Natürlich kann man nun vergleichen. Man kann fragen, ob das Unterstützen eines Vereins nicht dem selben Grundmodell folgt wie jener Fußballpatriotismus, der das Land gerade in seinen kruppstahlharten Armen hält. Ob nicht gerade der Grundzustand jedes echten Fans sei, blind zu folgen, so wie der Verliebte.
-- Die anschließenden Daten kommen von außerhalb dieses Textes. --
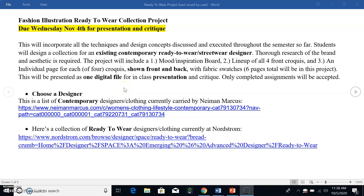Hey guys, I am going to walk you through the Fashion Illustration Ready-to-Wear Collection Project. Hopefully me talking about it will clear up any questions that you have as you're reading through it.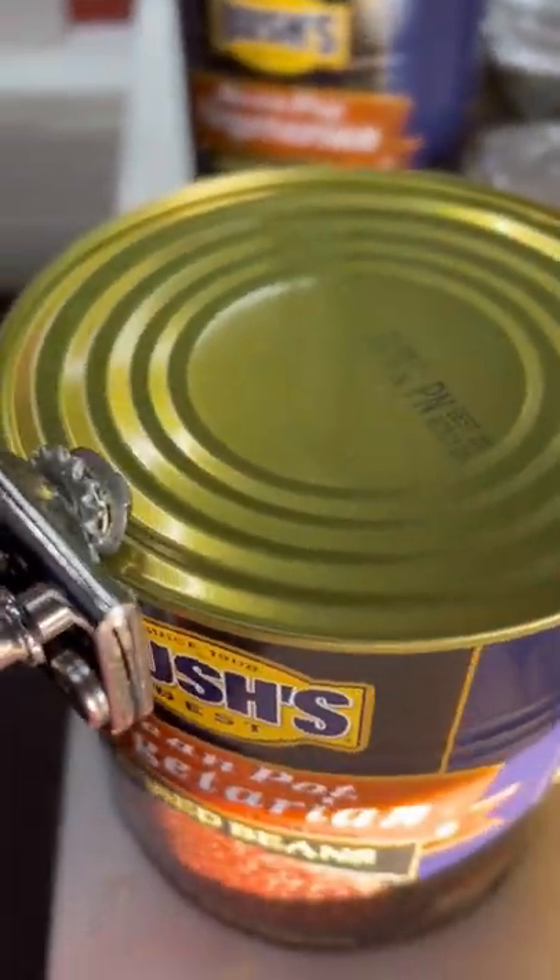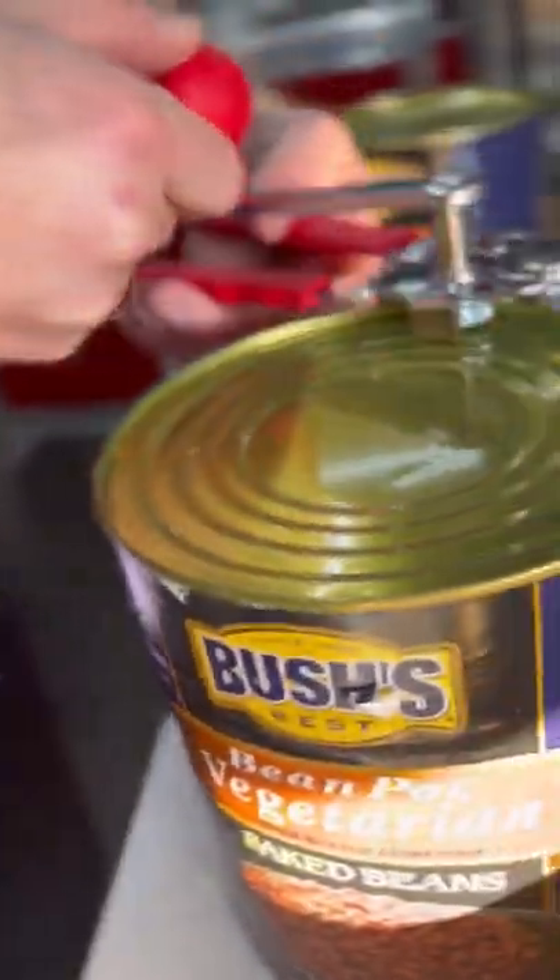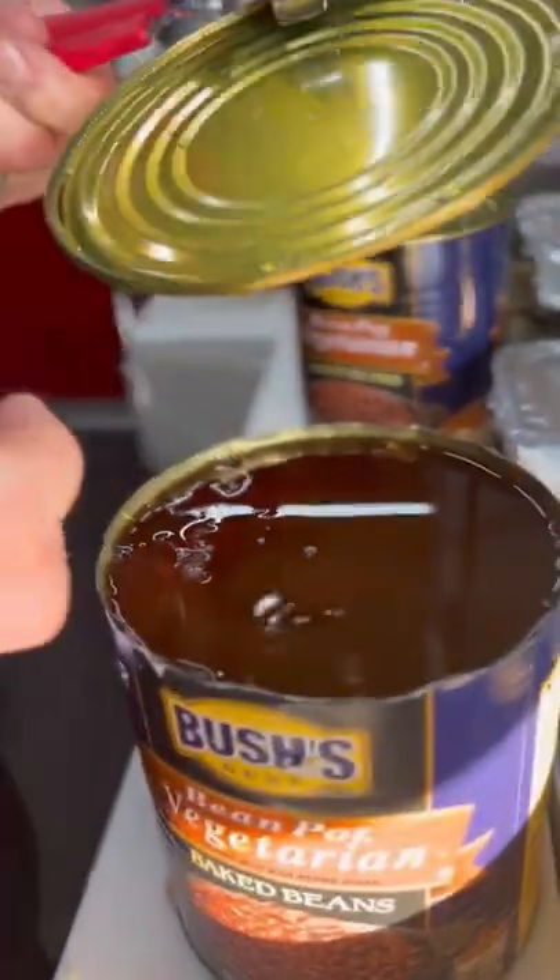We have been opening cans the wrong way. It is 2022 — let's start doing it right. Turn your can opener parallel to the lid; it is so much easier. No more slicing your fingers on a sharp lid. It pops off the entire lid with the can opener. Try it and let me know.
Man kann das tun, aber dann hat man keine Ahnung. Weder vom Fußball, noch von der Liebe. „Der Grundzustand des Fußballfans ist bittere Enttäuschung, egal wie es steht“, so schrieb es Nick Hornby. Ich teile das nicht völlig. Den Grundzustand des Fußballfans halte ich wie den Grundzustand des Liebenden für etwas, das eigentlich niemandem richtig zugänglich ist. Für ein Schweben in anderen Sphären, für eine Entrücktheit. Eine völlige Fokussierung auf Dinge, die nie ein anderer so verstehen wird wie er selbst. Mögen es auch scheinbare Kleinigkeiten sein. Im Fußball, wie in der Liebe, bedeuten sie manchmal die Welt.

Die schwarzrotgeile Schlandherde der Ahnungslosen hat keinen Blick für die kleinen Dinge, sie verschwinden unter dem Marschschritt ihrer gen Finale stampfenden Stiefel. Ihr Grundzustand, er ist Ignoranz.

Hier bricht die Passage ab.